TASK BRIEF
Only the lines below from the one containing "Fototapeta na wymiar" through the one containing "Comfortable room featuring" belong in the answer, repeated exactly and without pictures.

DATASET RECORDS
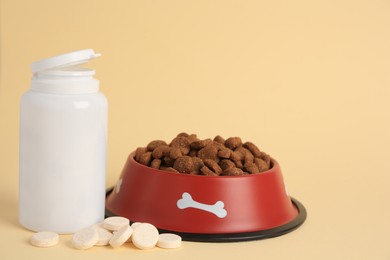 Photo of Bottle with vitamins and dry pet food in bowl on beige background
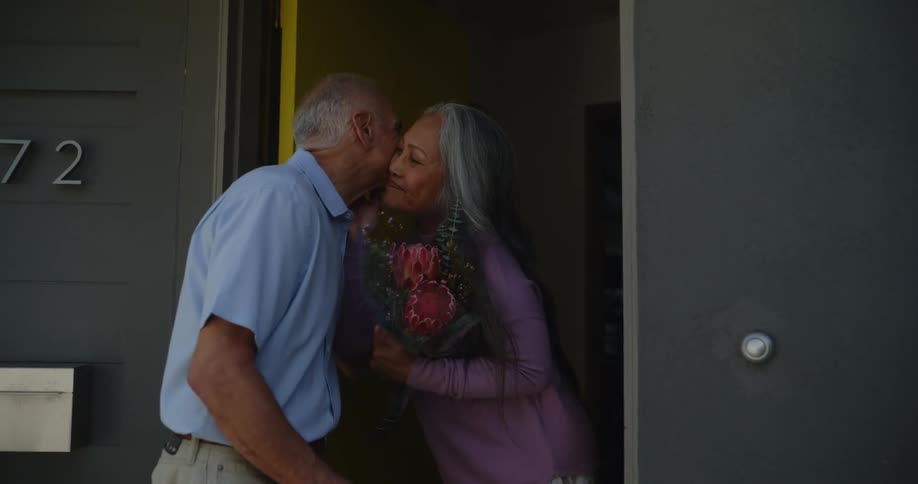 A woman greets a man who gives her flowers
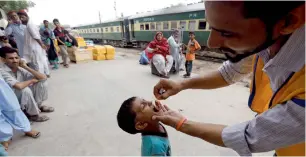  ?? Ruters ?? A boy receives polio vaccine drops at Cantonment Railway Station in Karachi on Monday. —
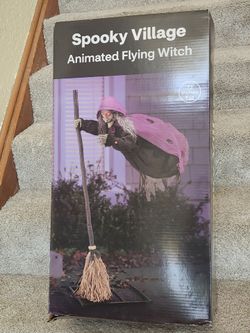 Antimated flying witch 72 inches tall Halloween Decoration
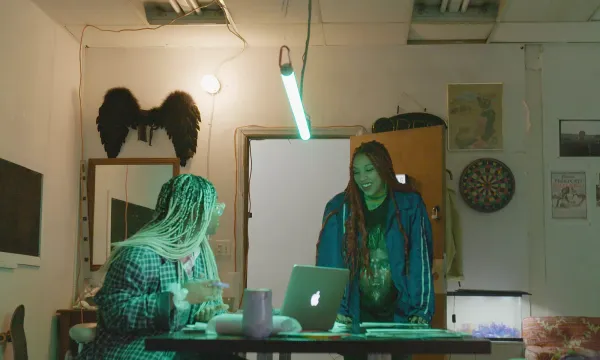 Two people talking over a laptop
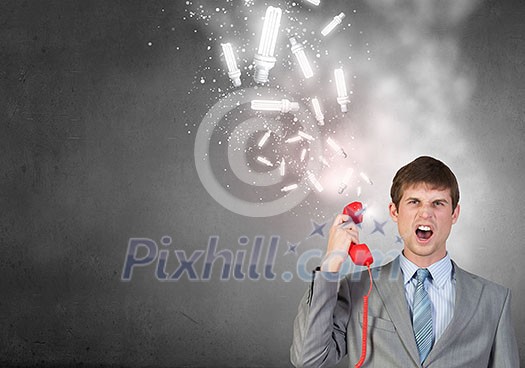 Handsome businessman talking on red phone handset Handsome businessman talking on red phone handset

--

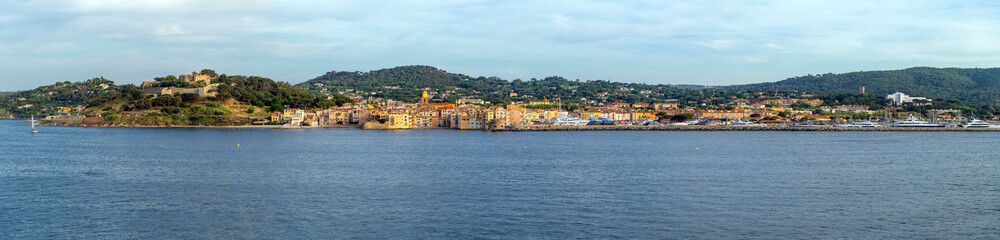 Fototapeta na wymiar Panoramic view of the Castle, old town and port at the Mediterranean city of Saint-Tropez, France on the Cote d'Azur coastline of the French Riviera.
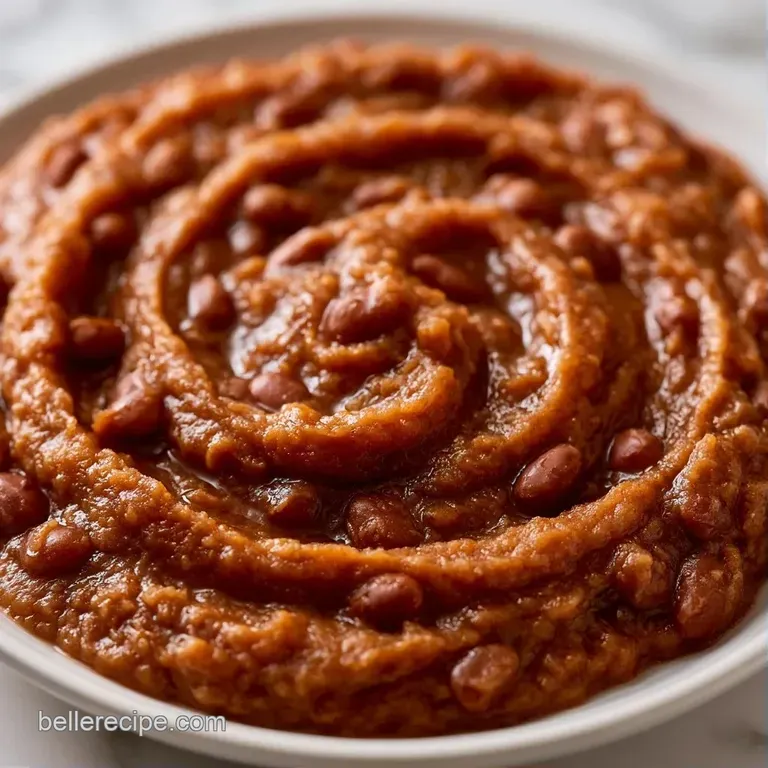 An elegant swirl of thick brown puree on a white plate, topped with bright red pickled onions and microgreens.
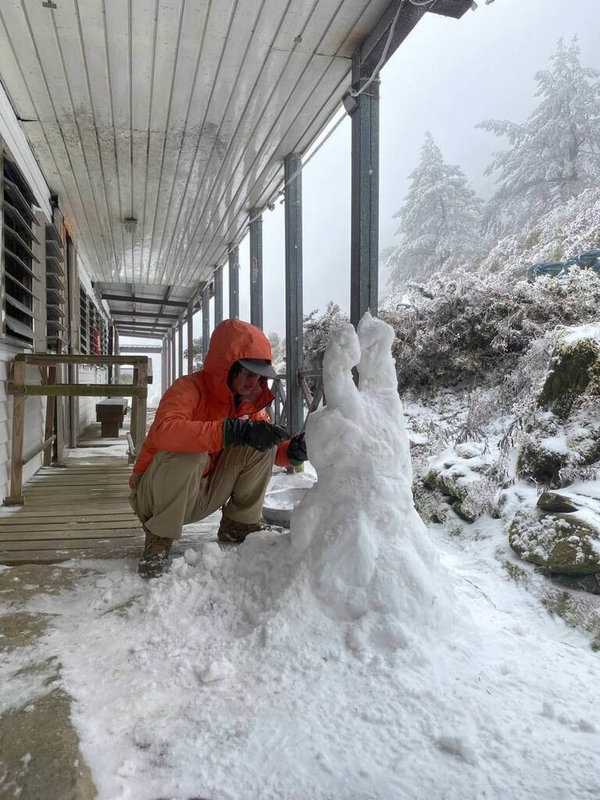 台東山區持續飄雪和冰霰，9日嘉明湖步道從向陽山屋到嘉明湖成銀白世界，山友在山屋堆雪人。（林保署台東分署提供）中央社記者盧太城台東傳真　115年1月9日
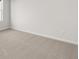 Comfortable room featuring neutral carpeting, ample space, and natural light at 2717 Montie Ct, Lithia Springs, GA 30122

...

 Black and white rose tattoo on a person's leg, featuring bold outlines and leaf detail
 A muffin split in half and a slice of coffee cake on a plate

SOLUTION TO THIS EXERCISE
 Fototapeta na wymiar Panoramic view of the Castle, old town and port at the Mediterranean city of Saint-Tropez, France on the Cote d'Azur coastline of the French Riviera.
 An elegant swirl of thick brown puree on a white plate, topped with bright red pickled onions and microgreens.
 台東山區持續飄雪和冰霰，9日嘉明湖步道從向陽山屋到嘉明湖成銀白世界，山友在山屋堆雪人。（林保署台東分署提供）中央社記者盧太城台東傳真　115年1月9日
 Comfortable room featuring neutral carpeting, ample space, and natural light at 2717 Montie Ct, Lithia Springs, GA 30122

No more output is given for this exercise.